Le rapport final, publié en août 2024, n’a cependant pas permis d’aboutir à une entente durable
Suite aux interpellations adressées aux élus, les autorités provinciales sont intervenues, parvenant en décembre 2024 à instaurer un accord de collaboration et de coexistence pacifique entre PHC et les communautés.

Le RIAO-RDC n’ayant pas pris part aux négociations, a jugé nécessaire d’en vérifier la validité sur le terrain, au regard des intérêts des communautés. Une enquête approfondie, incluant un sondage auprès des habitants, a été entreprise dans ce but afin de recueillir les perceptions locales et nourrir un dialogue plus constructif.
Observations lors de la mission
Les questions foncières demeurent au centre des préoccupations communautaires. L’accord signé prévoit un bornage de la concession PHC par les autorités compétentes. Les leaders locaux insistent sur l’urgence et la nécessité d’une démarche participative.
L’accord engage également PHC à accompagner les communautés dans l’obtention de leurs titres de propriété en tant que communautés forestières locales (CFCL), un objectif que les habitants espèrent voir concrétisé rapidement.
Au fil de cette mission, Jean-François Mombia Atuku a pu constater plusieurs évolutions notables. Contrairement à la situation de 2016, où les cultivateurs locaux étaient menacés pour posséder leurs propres plantations, de véritables partenariats se sont développés entre eux et PHC, permettant la livraison de régimes de noix de palme à la société.
Les cas de torture ou d’arrestations arbitraires ont disparu, et les communautés manifestent désormais le souhait de conserver la présence de PHC, perçue comme un acteur majeur du développement local.

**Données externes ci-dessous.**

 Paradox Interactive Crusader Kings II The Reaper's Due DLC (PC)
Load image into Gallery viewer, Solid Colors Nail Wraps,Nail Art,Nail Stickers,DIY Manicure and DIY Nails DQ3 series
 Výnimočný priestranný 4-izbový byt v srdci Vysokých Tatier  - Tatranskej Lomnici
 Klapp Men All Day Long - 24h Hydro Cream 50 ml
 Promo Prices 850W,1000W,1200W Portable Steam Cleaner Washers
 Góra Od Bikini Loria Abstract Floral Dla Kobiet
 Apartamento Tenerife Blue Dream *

Des avancées significatives sont également visibles sur le plan des infrastructures sociales et des conditions de vie. La modernisation de l’hôpital de PHC-Lokumete (Tshopo), l’installation de nouveaux forages pour l’accès à l’eau potable, ainsi que l’amélioration des conditions de travail dans les plantations (revalorisation des salaires, fourniture d’équipements de protection individuelle), illustrent des efforts concrets.
Les résultats du sondage montrent une amélioration générale du climat entre les communautés et la direction actuelle de PHC.

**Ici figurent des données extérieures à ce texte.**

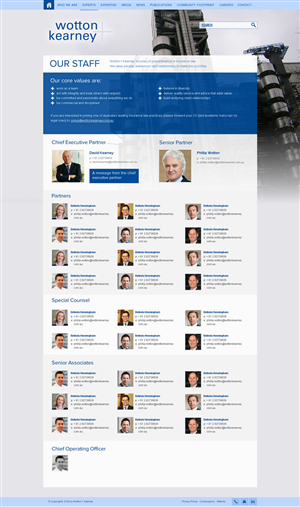 Web Design by Behriatech for this project | Design: #2612075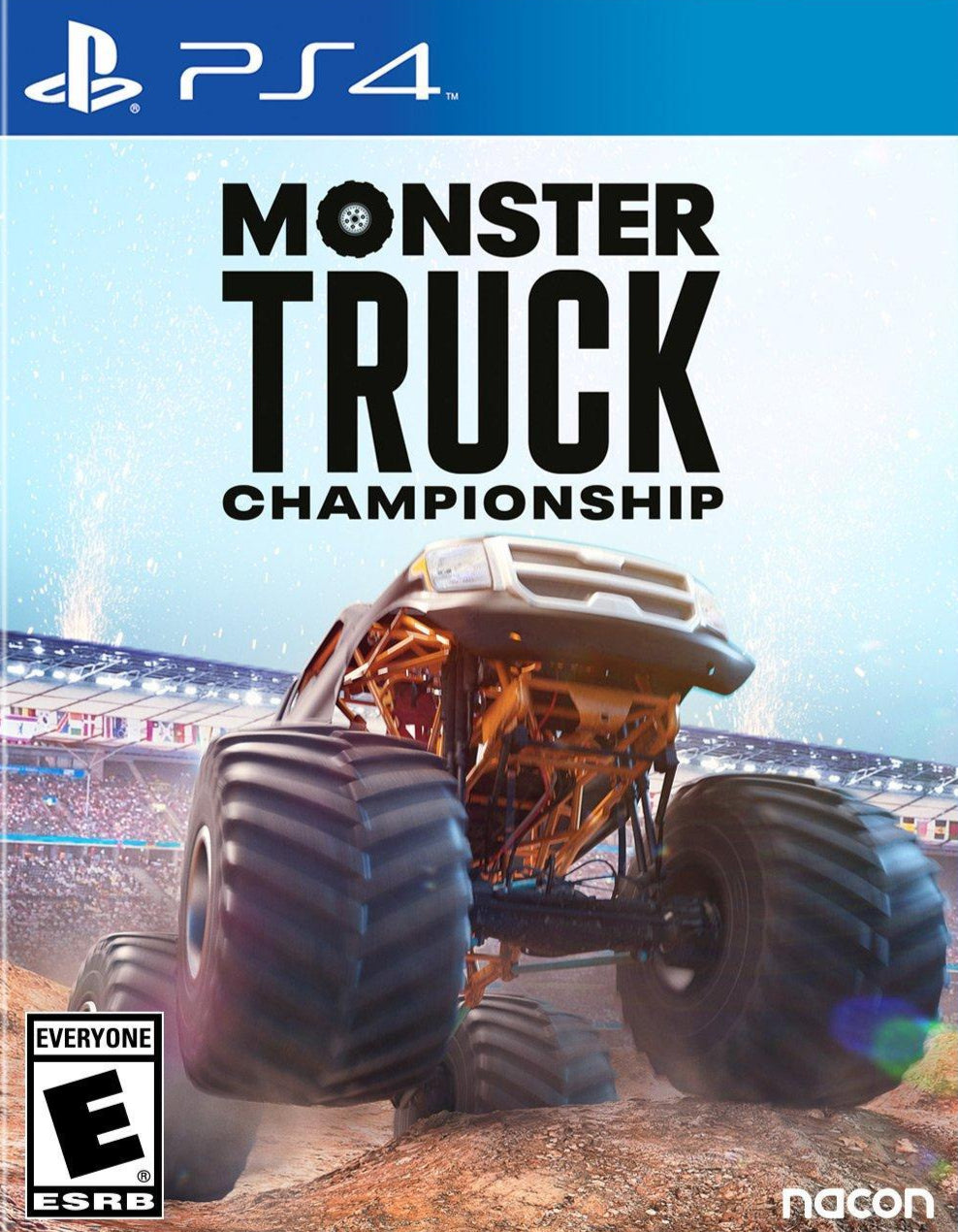 Monster Truck Championship Playstation 4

Toutefois, certaines attentes demeurent insatisfaites, notamment le bornage effectif de la concession et la mise en œuvre des projets de développement promis lors des accords de décembre 2024.
Au terme de sa mission, Mombia Atuku a proposé d’accélérer le processus de bornage sous la supervision des autorités compétentes et de mettre en place un comité de suivi incluant toutes les parties concernées.
Ces recommandations visent à consolider la collaboration et à renforcer la confiance entre PHC et les populations locales.
Cette initiative menée par Jean-François Mombia Atuku marque une étape clé dans la dynamique de réconciliation entre la société PHC et les communautés riveraines.
Si des progrès indéniables ont été réalisés, le RIAO-RDC entend rester vigilant et engagé dans le suivi de ces relations, pour garantir que les droits des communautés soient pleinement respectés et intégrés dans une perspective de développement équitable.